> _Work request_
The whole listing is to be given again without alteration, except that its pictures are dropped.

> _Dataset content_
----------

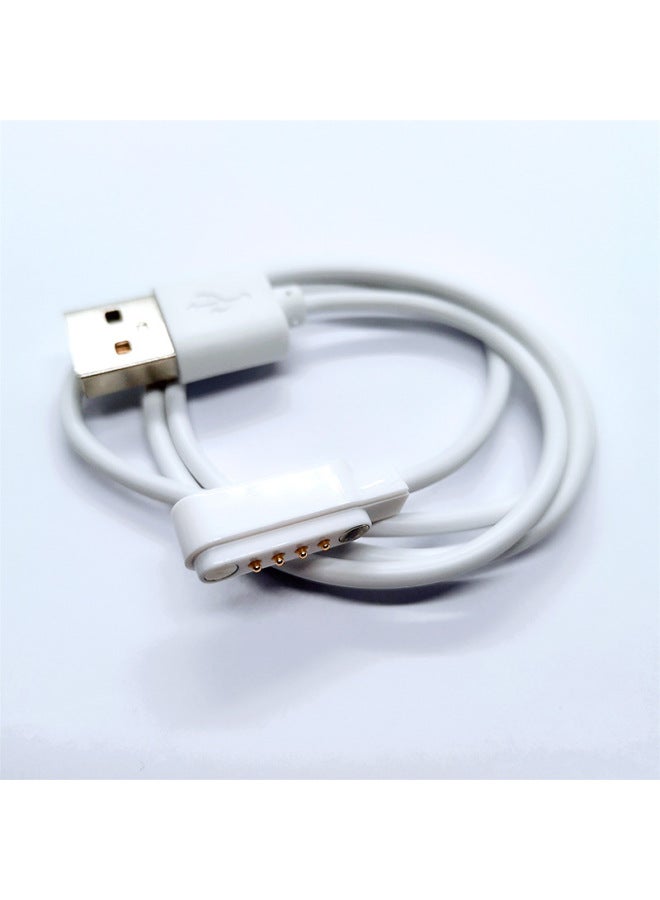 4PIN2.54 Smart Bracelet Data Cable Children's Phone Watch Charging Line Universal 4-pin Magnetic Suction Charging Line-Color:White  - Image 4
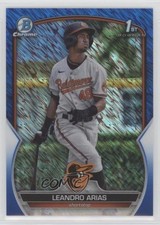 2023 Bowman Chrome Prospects Blue Shimmer Refractor /150 Leandro Arias 0j5i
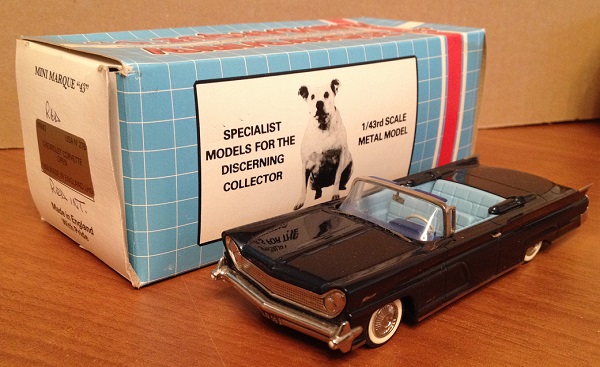 Модель 1:43 Lincoln Continental Convertible (open) - black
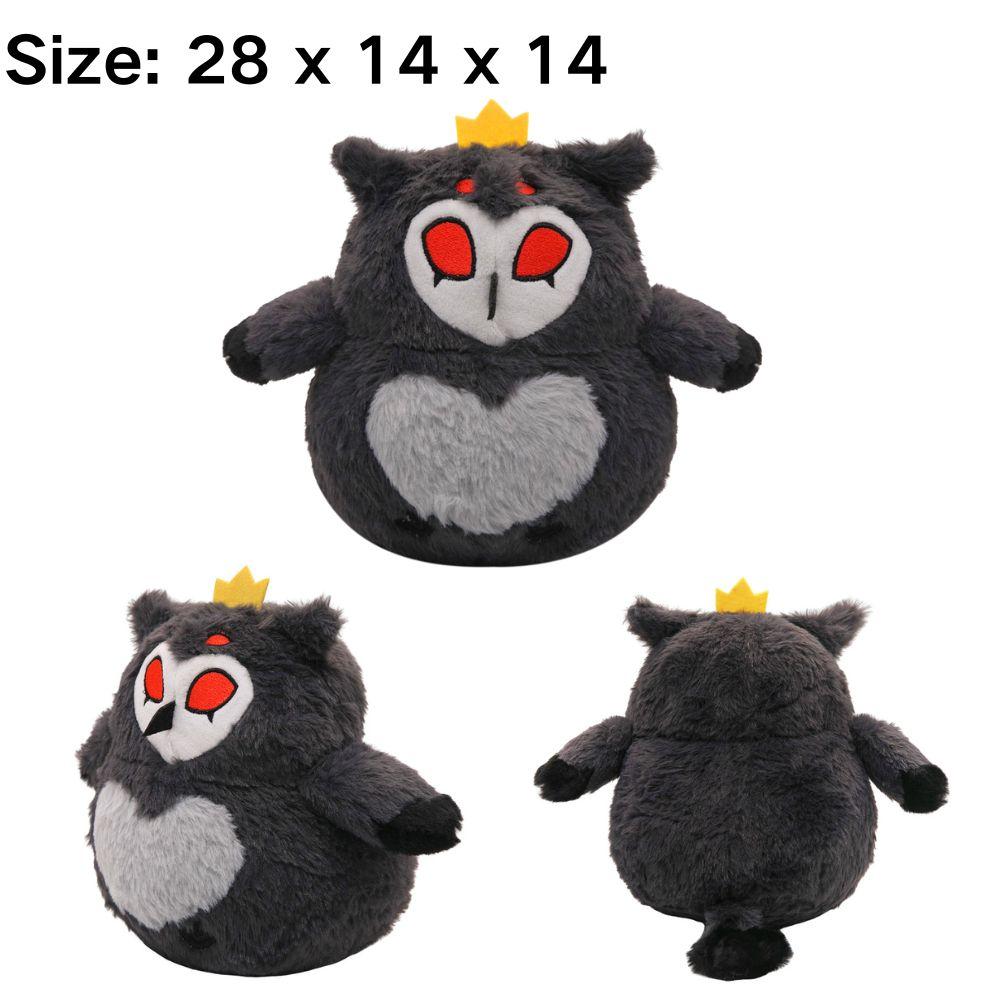 Cursed Cat Alastor Cosplay Plush Angel Dust Husk Lucifer Fat Nuggets Plushies Cartoon Hotel Fantasy Birthday Gifts Mascot Props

----------

> _Solution_
 4PIN2.54 Smart Bracelet Data Cable Children's Phone Watch Charging Line Universal 4-pin Magnetic Suction Charging Line-Color:White  - Image 4
 2023 Bowman Chrome Prospects Blue Shimmer Refractor /150 Leandro Arias 0j5i
 Модель 1:43 Lincoln Continental Convertible (open) - black
 Cursed Cat Alastor Cosplay Plush Angel Dust Husk Lucifer Fat Nuggets Plushies Cartoon Hotel Fantasy Birthday Gifts Mascot Props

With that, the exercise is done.